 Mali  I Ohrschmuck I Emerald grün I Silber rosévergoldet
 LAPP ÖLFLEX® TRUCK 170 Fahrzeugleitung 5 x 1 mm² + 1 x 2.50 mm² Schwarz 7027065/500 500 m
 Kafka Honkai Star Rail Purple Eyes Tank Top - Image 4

---*---

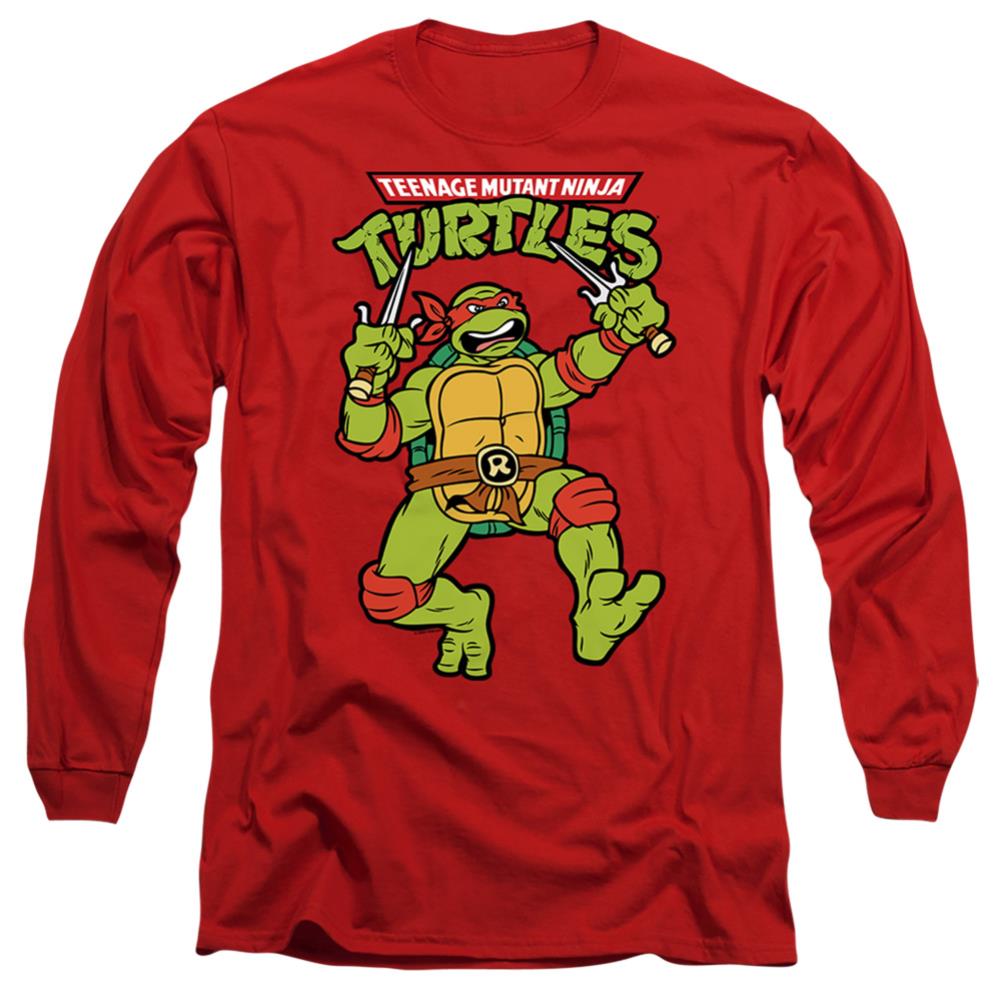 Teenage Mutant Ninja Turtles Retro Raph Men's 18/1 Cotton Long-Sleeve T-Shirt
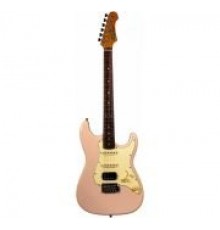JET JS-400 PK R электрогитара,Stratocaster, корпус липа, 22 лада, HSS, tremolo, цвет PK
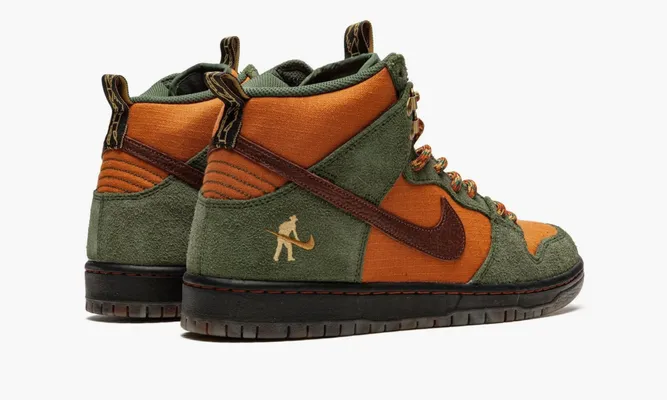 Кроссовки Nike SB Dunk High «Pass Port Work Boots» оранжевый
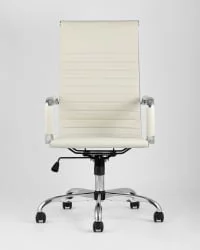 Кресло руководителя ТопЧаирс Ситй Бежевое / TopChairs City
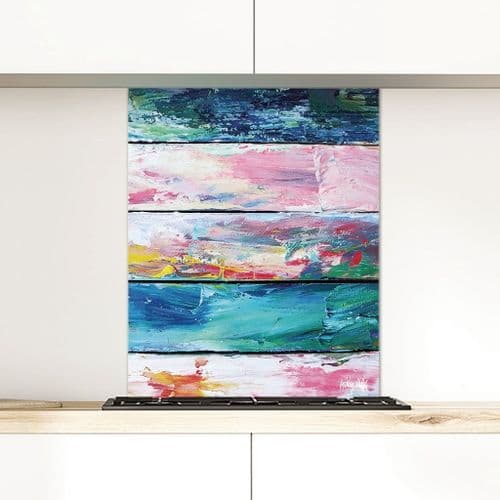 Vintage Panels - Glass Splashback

---*---

[PROBLEM DESCRIPTION]: Range to copy from the records above: the line containing "JET JS-400 PK" to the line containing "Vintage Panels - Glass Splashback", both included. Output those lines exactly and only those, skipping pictures.

[ANSWER TO THIS PROBLEM]:
JET JS-400 PK R электрогитара,Stratocaster, корпус липа, 22 лада, HSS, tremolo, цвет PK
 Кроссовки Nike SB Dunk High «Pass Port Work Boots» оранжевый
 Кресло руководителя ТопЧаирс Ситй Бежевое / TopChairs City
 Vintage Panels - Glass Splashback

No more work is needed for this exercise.